Moscow faces a Friday deadline for pulling back its troops under the terms of a deal brokered by French President Nicolas Sarkozy on behalf of the European Union. Hundreds of EU observers began monitoring Russia's compliance last week.
A pullback would likely mean at least a mild reduction of tensions between Russia and the West following their worst confrontation since the Soviet collapse. But substantial points of dispute remain.
Russia was dismantling positions Sunday inside what it calls security zones, extending roughly four miles inside uncontested Georgian territory.
But Moscow vows to keep thousands of its troops stationed in two separatist Georgian regions that it recognizes as independent countries — South Ossetia and Abkhazia — which appears to stretch the terms of the cease-fire and which the Georgian government denounces.
Really, did anyone seriously expect Russia to do anything else, or Georgia to do less than denounce its continued presence in those regions?
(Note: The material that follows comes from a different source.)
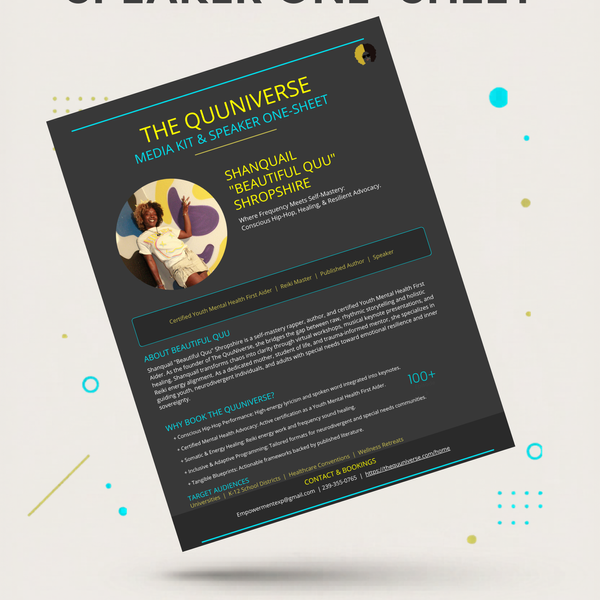 Speaker Media Kit & Booking One-Sheet - Shanquail Beautiful Quu Shropshire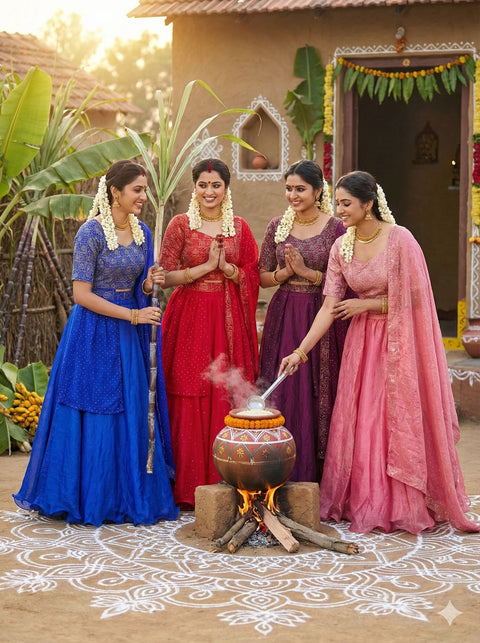 New Pongal Special Soft Space Silk Sequins Embroidery Lehenga choli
Western rhetoric on this entirely subjective "stretching" of the ceasefire is simple posturing too. If the situation was reversed, the US or any Western power would of course stay to protect people who look to it for safety against their own titular national government...who launched a surprise bombing attack on their own regional capital.
But at least the Europeans got off their asses and brokered the current ceasefire deal, while the Bush administration was still heckling from the bleachers and John McCain was running his neocon mouth about a new Russian Empire being born in Georgia. Meh, not so much. No Russian expansion, but certainly a multi-polar world where no-one can be bothered waiting to see if, by some miracle, an American Republican administration will do other than throw a rhetorical warhammer in diplomacy's works. It's what they always do, and it has become ignorably old.